December 3rd. Another day another cookie.
The Danish Gingerbread cookies aka "Brunkager" has a very long history dating back to the late 1400s. The name stems from Peberkager or Pepper cookies, but pepper is not meaning the spice pepper, but more likely meaning strong flavored cookies. Traditionally the cookie contains the warm spices we all use in fall, like ginger, cinnamon, cloves and cardamom.
The tradition of baking gingerbread cookies for christmas, became more common, when it became easier to control the temperature of the ovens, back in the mid 1800s.
Most families have their own recipe for gingerbread cookies. I never got my parents recipe. I was sad to see that it wasn't in my mothers little black recipe book, when I got it a few years ago. I remember rolling out the doug and using cookie cutters to make small men, women, hearts, stars and Yule Goats. We rarely decorate the cookies with icing, I think my parents didn't like the mess and the cookies became to sweet.
So I had to find one that I liked. And this one is nothing like the one my mom baked. I love Mette Blomsterberg, so of course I found one of her recipes. This is how I made the cookies:
Ingredients:
250 g butter
125 g syrup I use "lys sirup" from dansukker*
250 g brown sugar
2 teaspoon Potassium carbonate K2CO3 (Potaske)**
1 tablespoons cold water
3 teaspoons cinnamon
1 teaspoon ground cloves
2 teaspoons ground ginger
1 teaspoon ground allspice
60 g candied orange peel
25 g raw pistachios
150 g Almonds
500 g All-purpose flour
Directions:
Melt butter, syrup and brown sugar in a saucepan on medium heat, until it reaches 160 ℉ (70 ℃). Remove saucepan from heat.
Mix allspice, cinnamon, cloves, ginger and flour and add orange zest, almonds and pistachios.
Dissolve the Potassium carbonate (potasken) in the water and add it to the flour mixture.

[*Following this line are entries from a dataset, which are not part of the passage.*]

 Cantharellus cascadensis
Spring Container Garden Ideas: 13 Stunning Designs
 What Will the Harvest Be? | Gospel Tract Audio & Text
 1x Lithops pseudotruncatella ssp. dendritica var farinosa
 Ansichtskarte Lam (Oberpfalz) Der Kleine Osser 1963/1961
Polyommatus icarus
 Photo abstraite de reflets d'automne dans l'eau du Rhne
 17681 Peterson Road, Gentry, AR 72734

Mix it all together in a stand mixer, until the dough is uniform.
Put the batter in a baking pan lined with parchment paper. Press well to fill the baking pan completely. Cover the dough with a piece of parchment paper. Let cool at room temperature until the next day. The dough should be about 1 inch high in the pan.

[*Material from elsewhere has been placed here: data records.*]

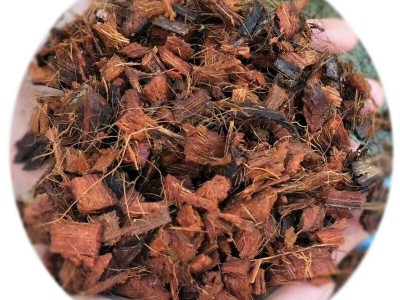 椰壳砖_椰块砖_椰壳_椰块_椰粒（用于草莓/铁皮石斛/君子兰及兰花图5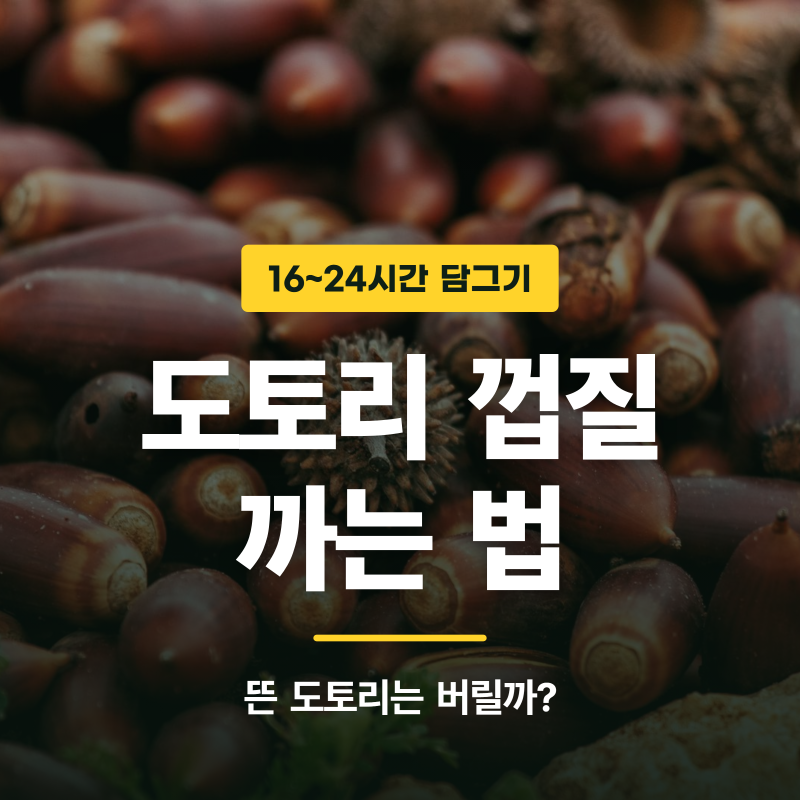 도토리 껍질 까는 법, 먼저 물에 띄워 거르기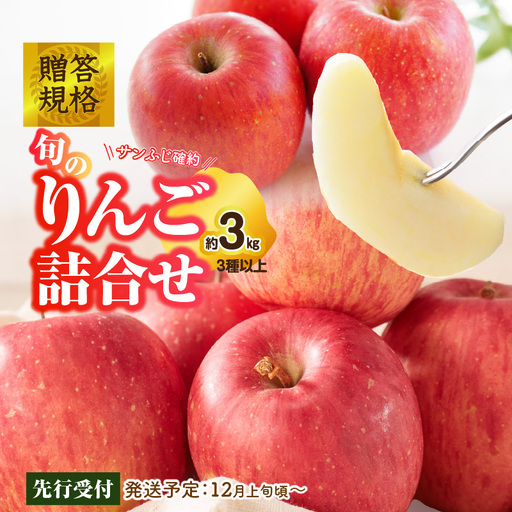 《先行受付》贈答規格 旬のりんご詰合せ約3kg（サンふじ確約3種以上）特秀～秀 大江町産【2026年12月上旬頃～発送予定】【大江町産・山形りんご・りんご専科 清野】 015-052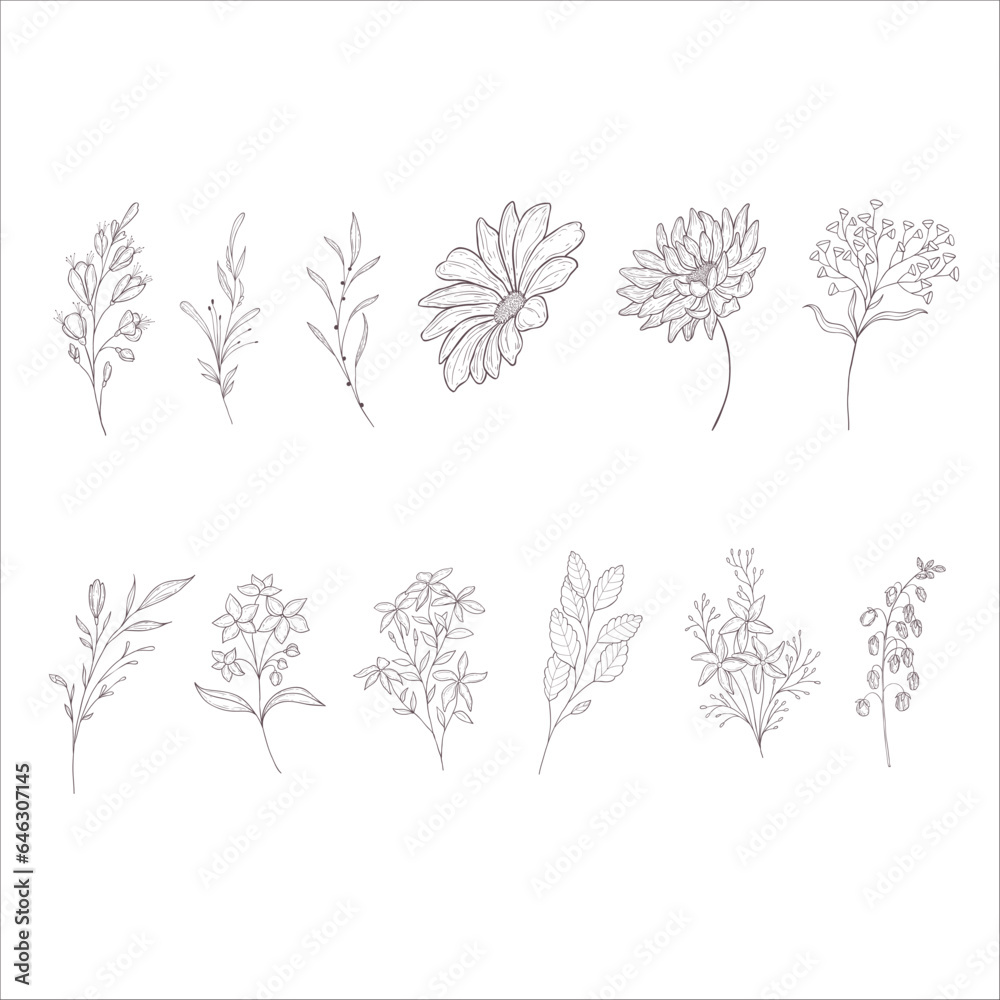 Set of Flowers and Branches. Line Art Illustration. Set of Flowers and Branches. Line Art Illustration.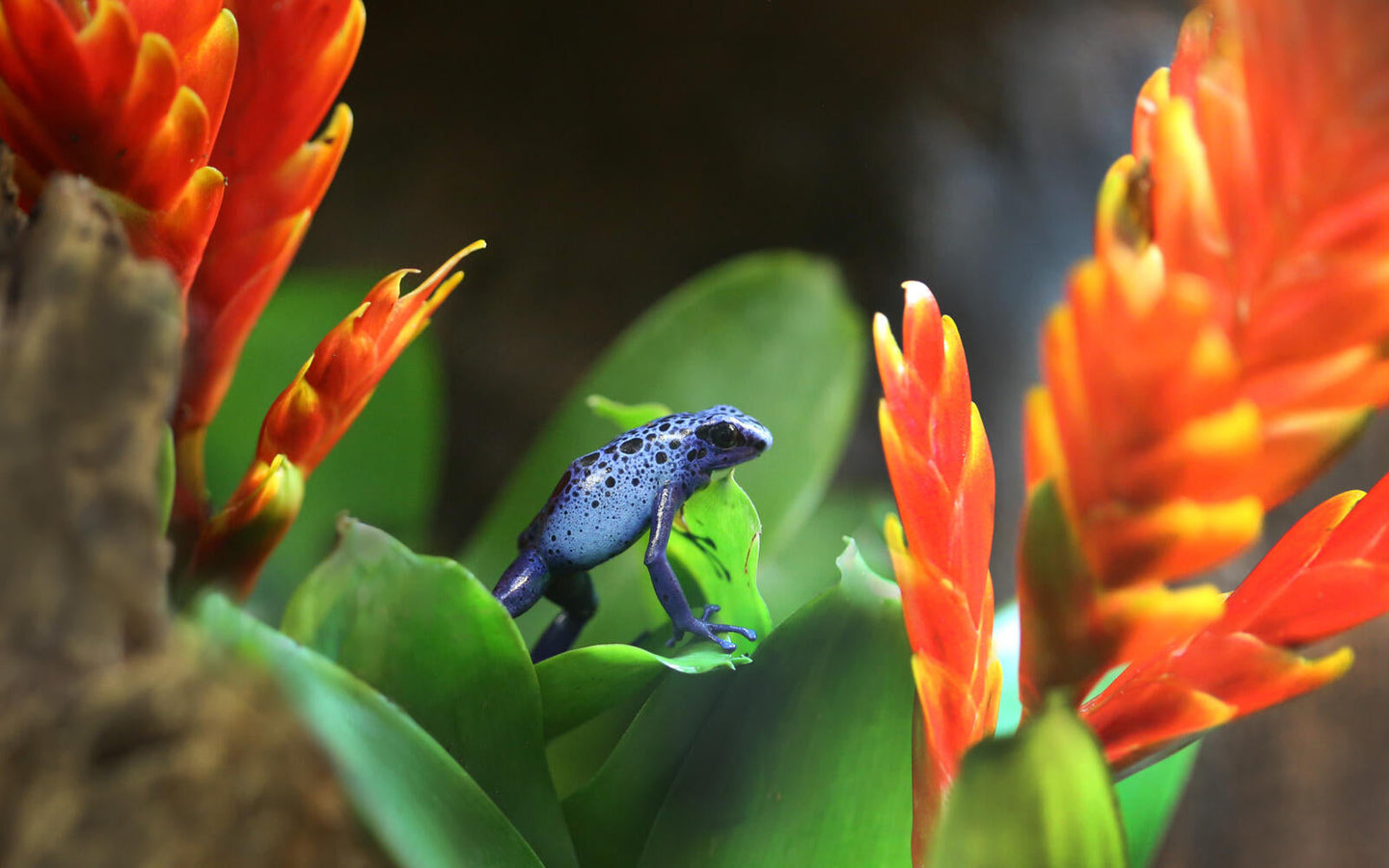 ARTIS-Park tickets met korting - afbeelding 19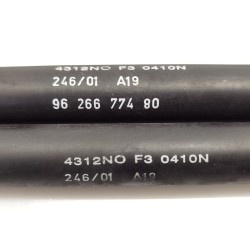 Recambio de amortiguadores maletero/ portón para citroen xsara break referencia OEM IAM 9626677480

Cut the dough into 3-5 logs with a sharp knife. Cut each log in thin slices and bake them on a baking sheet lined with parchment paper at 355℉ (180℃) for 9-13 minutes.
Cool completely on a rack and store in an airtight container.
* You can get the syrup here
** You can replace potaske with baking soda, but the cookies won't be as crispy. You can get potaske here.